# Material provided
══════════
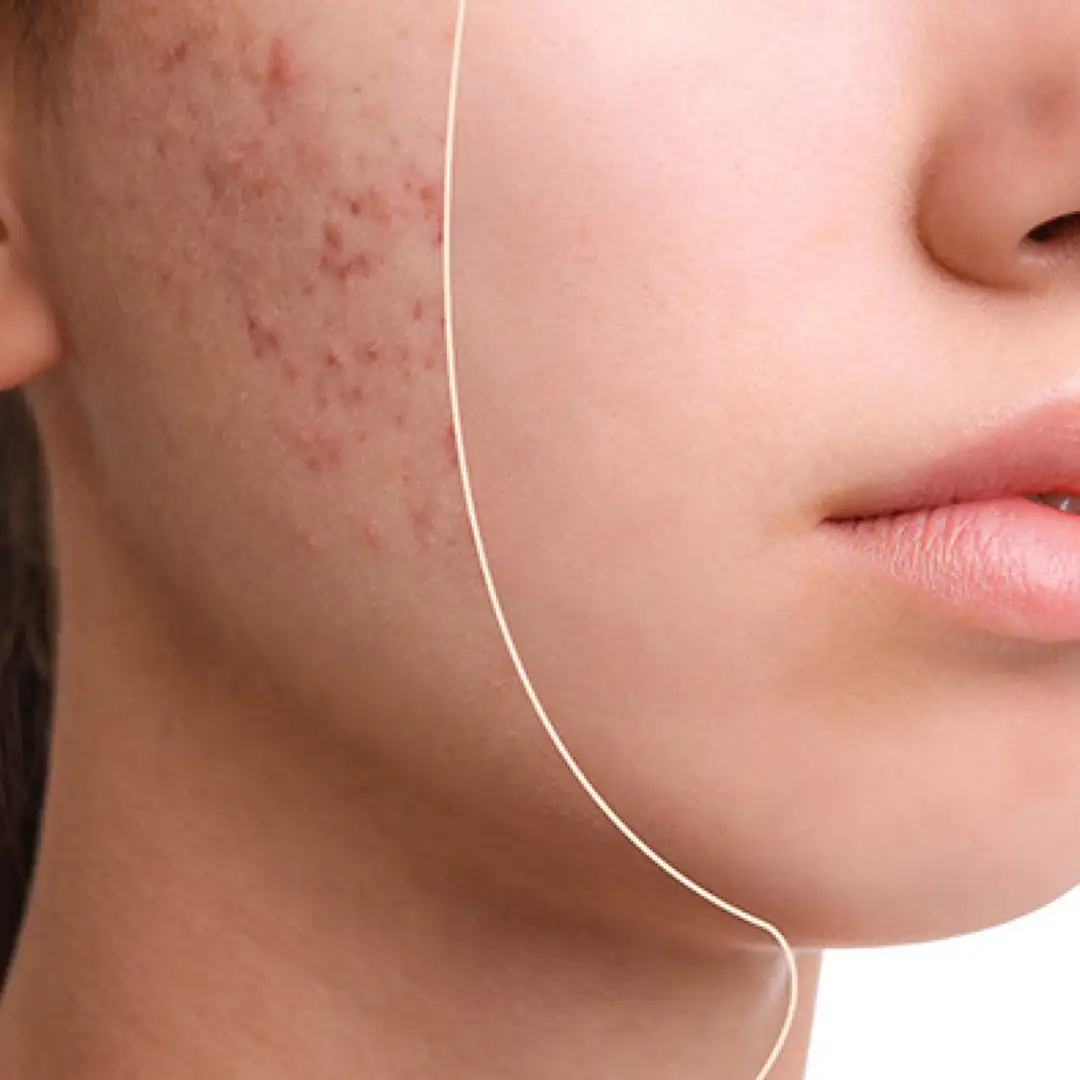 Terapi Jerawat Atau Acne Treatment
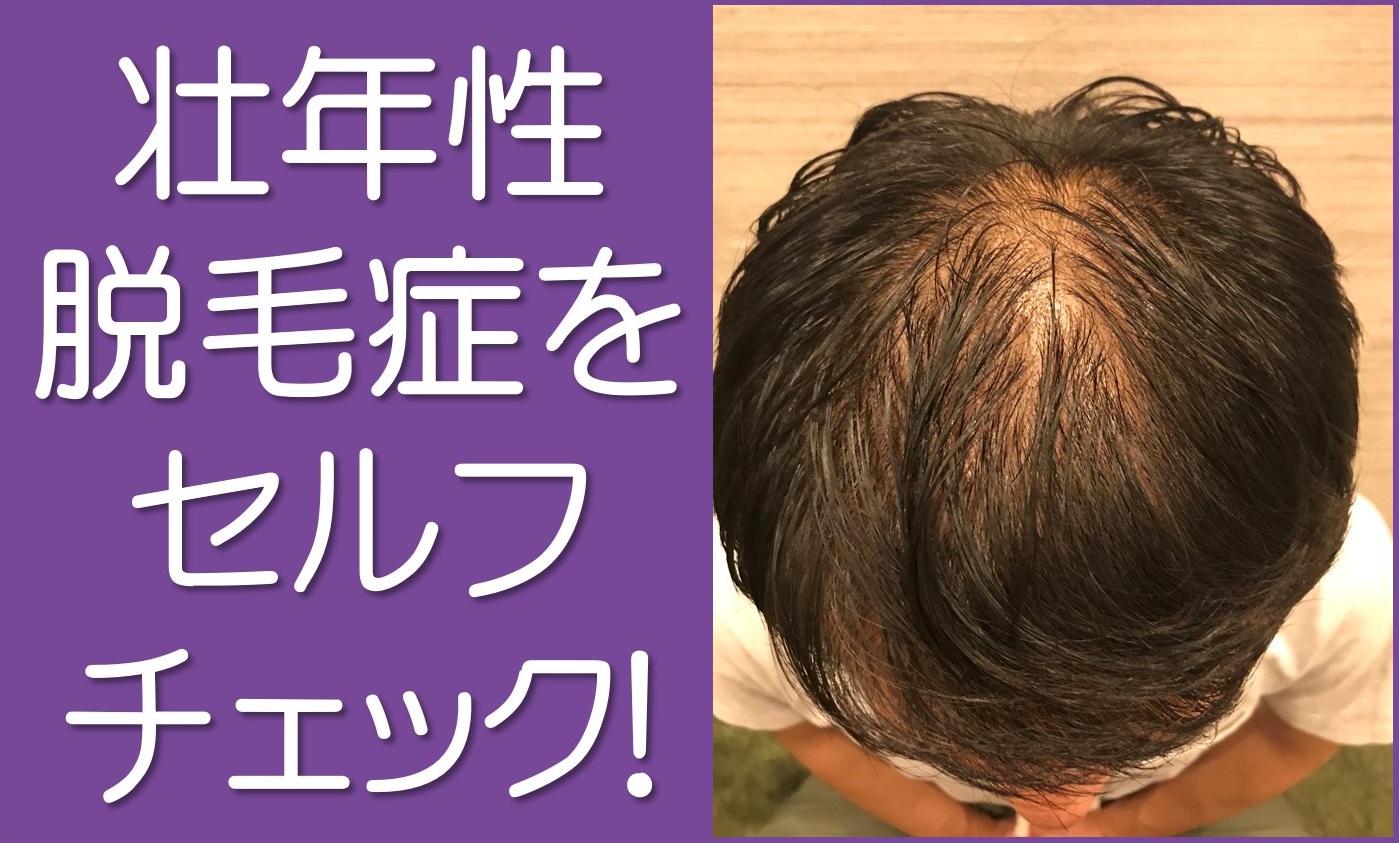 薬剤性脱毛症の兆候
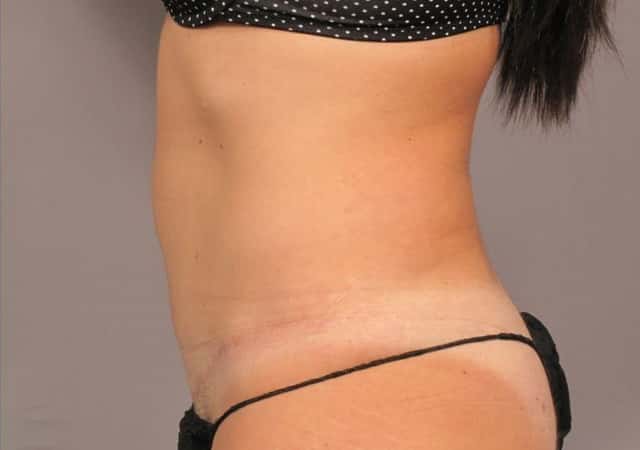 Liposuction Before & After Case 305 after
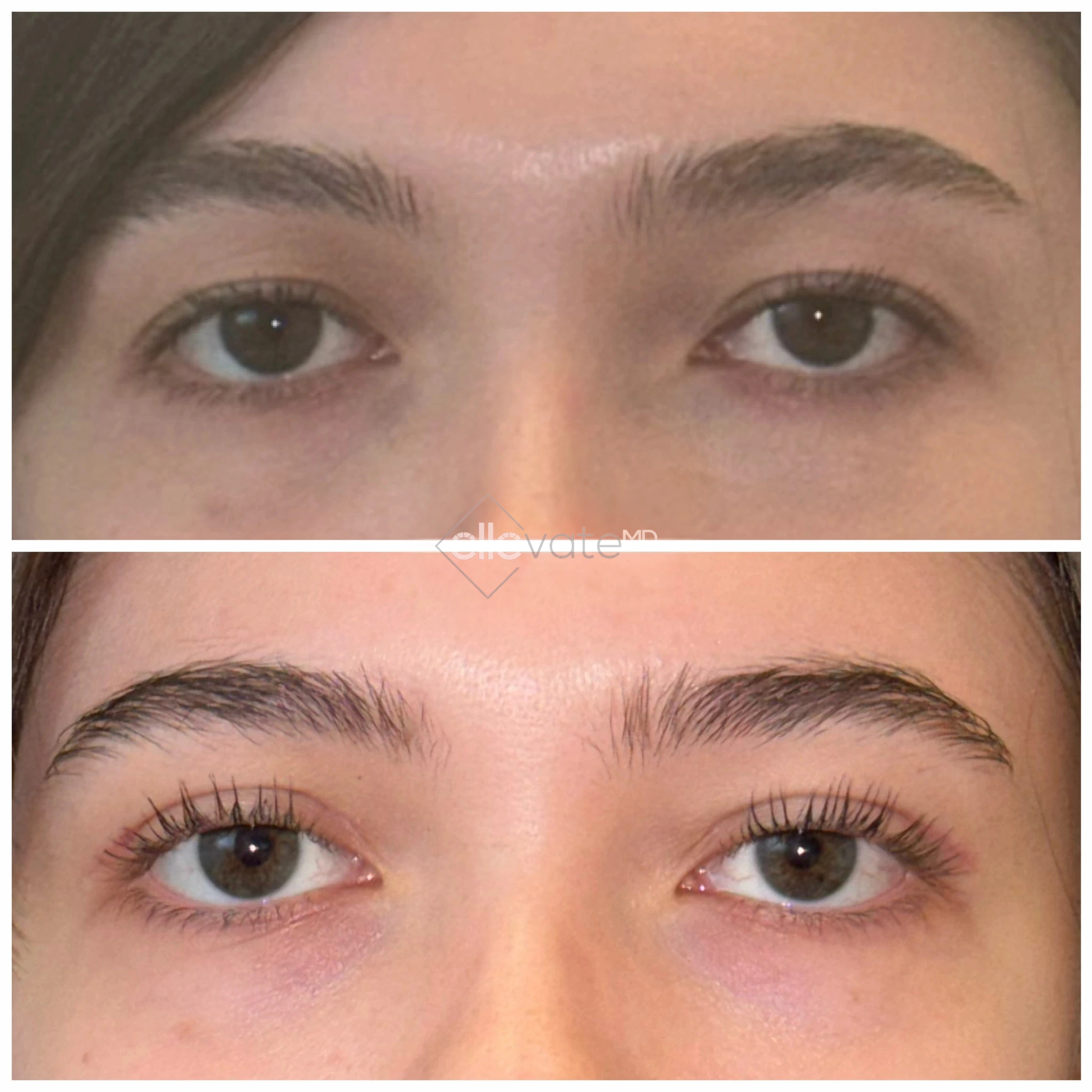 ellevate - 2025-03-22T190536.695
══════════
# Exercise instructions
Would you please output the listing above exactly, leaving out the pictures?

# Written solution
 Terapi Jerawat Atau Acne Treatment
 薬剤性脱毛症の兆候
 Liposuction Before & After Case 305 after
 ellevate - 2025-03-22T190536.695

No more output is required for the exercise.